CBC News reported in June that a 2,400-square-foot single-family house converted to 15 bedrooms for rent by international students was still operating on Thatcher Drive despite a 2009 city order instructing the landlord to convert the property back to a single-family dwelling.
In addition to violating the city’s zoning bylaw, the property was deemed to be unsafe based on the Manitoba Building Code.
The University of Manitoba Students’ Union (UMSU) vice-president external Astitwa Thapa has been working with Lukes to bring more attention to illegal rooming houses.
Among the issues that have been brought to the attention of the university is the need for a bylaw guide for students and a better screening process for the U of M’s new online, off-campus housing listings.
“There are a lot of international students who sign contracts with someone from Kijiji before they even come here and they’re living in basements, right? So the conditions are horrible, the conditions are absolutely disgusting,” Thapa said.

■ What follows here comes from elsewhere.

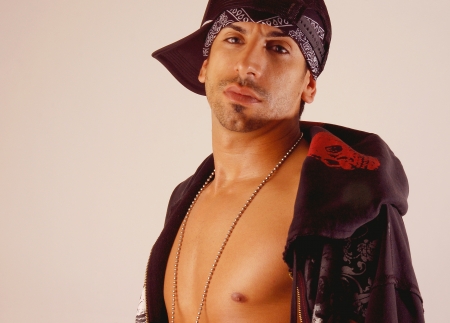 Urban Male Gangster Fashionの写真素材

“The website is a good step, at least students now know where to go, but a lot more needs to be done right now.”
John Danakas, executive director of public affairs at the U of M, told the Manitoban that “the university rejects all listings that appear to be rooming houses” on its off-campus housing website.
“We care about the international students who choose to study here and pay a great deal of attention to making their experience here as positive as possible,” Danakas said in an email.
“The University of Manitoba also sees itself as a key component of the neighbourhood and takes its responsibility to be a good neighbour very seriously. Like many others in the neighbourhood, we support the city ensuring that homeowners are abiding by the relevant laws and bylaws.”
Not in my back yard?
The issue of illegal rooming houses has increasingly enlivened Fort Richmond residents who consider them to be an inherently unsafe housing option for vulnerable students as well as a nuisance.
Among the resident complaints gathered in a 35-page report for Coun. Lukes were concerns about noise, absentee landlords, and declining property values as a result of the rooming houses.
Robert Galston, a U of M city planning graduate student and researcher for the University of Winnipeg’s Institute of Urban Studies, argues that the safety issue may be a euphemism for “not in my back yard” thinking on the part of local residents.
“Long-time residents don’t want to see the neighbourhood change into new apartments or more dense development,” Galston said.
“There is opposition to that kind of thing and I think that certainly is the biggest barrier this kind of housing faces in an area like Fort Richmond.”
Galston told the Manitoban that the demand for rental housing around the university is driven by a number of overlapping factors.
First, the general lack of affordable housing in the city as a whole. Second, deficient public transit service for those who may live in a neighbourhood away from the U of M. Third, the lack of on-campus housing at the university. And fourth, a zoning bylaw that is not meeting the demand for low-cost housing in proximity to the campus.
Galston added that safety is paramount but that flexibility is needed to meet the demand for low-cost housing.
“Right now, there is not a lot of flexibility or a lot of middle ground between zoning that dictates single-family housing and zoning that allows for larger apartment buildings, conventional apartment towers, and complexes and things like that,” Galston said.
“There is not a lot of room in current zoning regulations to allow for multi-family housing, multi-unit housing, in what is a low-rise residential area, or secondary suites in your garage or above your garage or in your basement.”